Quelques impressions de la reprise de Woolf Works, actuellement à l’affiche du ROH. Il s’agit de la 2e reprise de ce ballet en 3 actes de McGregor, créé en 2015 et déjà repris une première fois (avec captation cinéma) en 2017. J’avais beaucoup aimé cette œuvre à sa création et m’en étais fait l’écho, et je me souviens que même les plus averses au style de McGregor avaient aimé la captation cinéma de 2017.

J’ai trouvé intéressant de retourner voir ce ballet, huit ans après sa création et dans deux distributions en partie renouvelées. C’est à ces reprises que l’on voit la profondeur d’une œuvre et si elle peut s’inscrire durablement au répertoire d’une institution (dans cet esprit, j’ai toujours regretté que l’ONP ait remisé aux oubliettes le petit chef-d’œuvre que fut Wuthering Heights, j’espère que José Martinez le ressortira des cartons).

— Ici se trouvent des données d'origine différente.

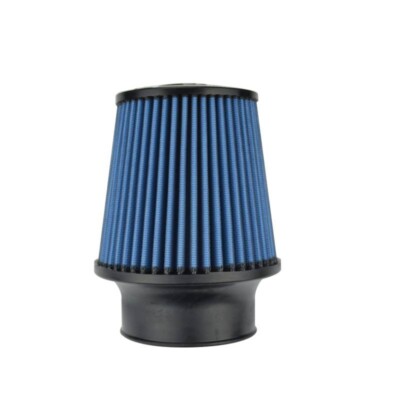 Injen X-1063-BB Nano Dry Air Filter Replacement for Injen Intake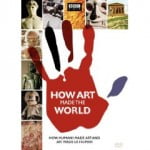 artmadetheworld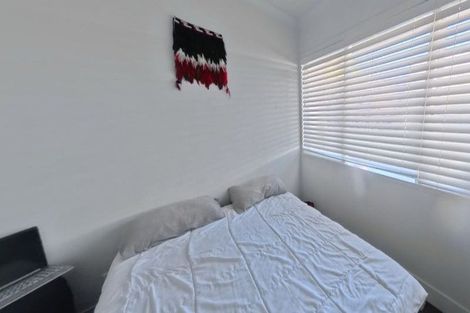 Photo of property in 1339 Amohau Street, Rotorua, 3010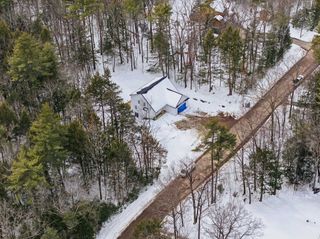 23 Bessie Leavitt Lane, New Boston, NH 03070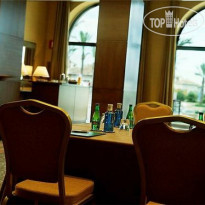 InterContinental Mar Menor Golf Resort and Spa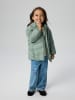 name it Jacke in Iceberg Green1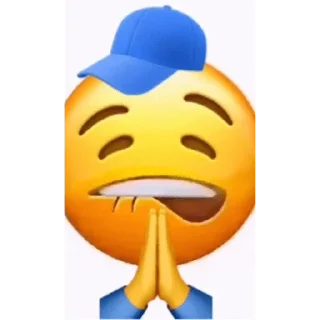 🥵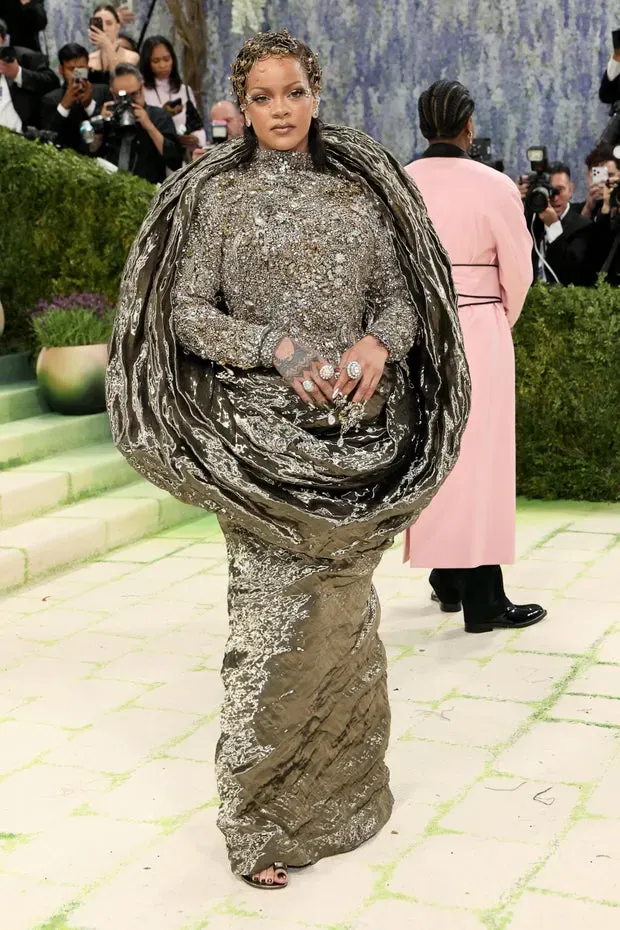All About 2026 Met Gala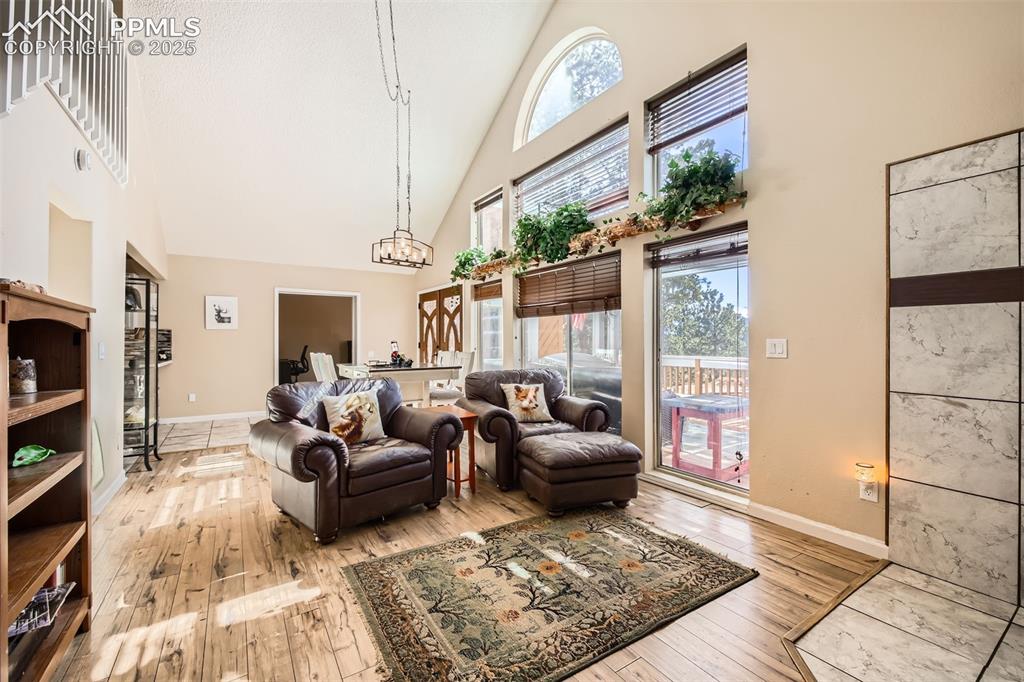 46 Barr Lake Circle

J’ai assisté à deux distributions ce samedi (dont la première alignait rien moins que 6 Principals, et quels Principals !) : Ferri/ Bracewell/ Naghdi/ O’Sullivan/ Hayward/ Kaneko/ Magri/ Sissens/ Richardson en matinée ; Osipova/ Clarke/ Hamilton/ Gasparini/ Buvoli/ Tonkinson/ Dias/ Edmonds/ Dixon en soirée.
A l’issue de ces deux représentations, mon sentiment est que Woolf Works est définitivement une œuvre splendide, source de multiples interprétations. Un ballet particulièrement émouvant, touchant, percutant, qui réussit un équilibre parfait entre narratif et symbolisme. Deux représentations saluées par une standing ovation d’une salle comble, deux interprétations si différentes, deux fois trois heures de tension émotionnelle, de visuels fascinants, et de danse superlative.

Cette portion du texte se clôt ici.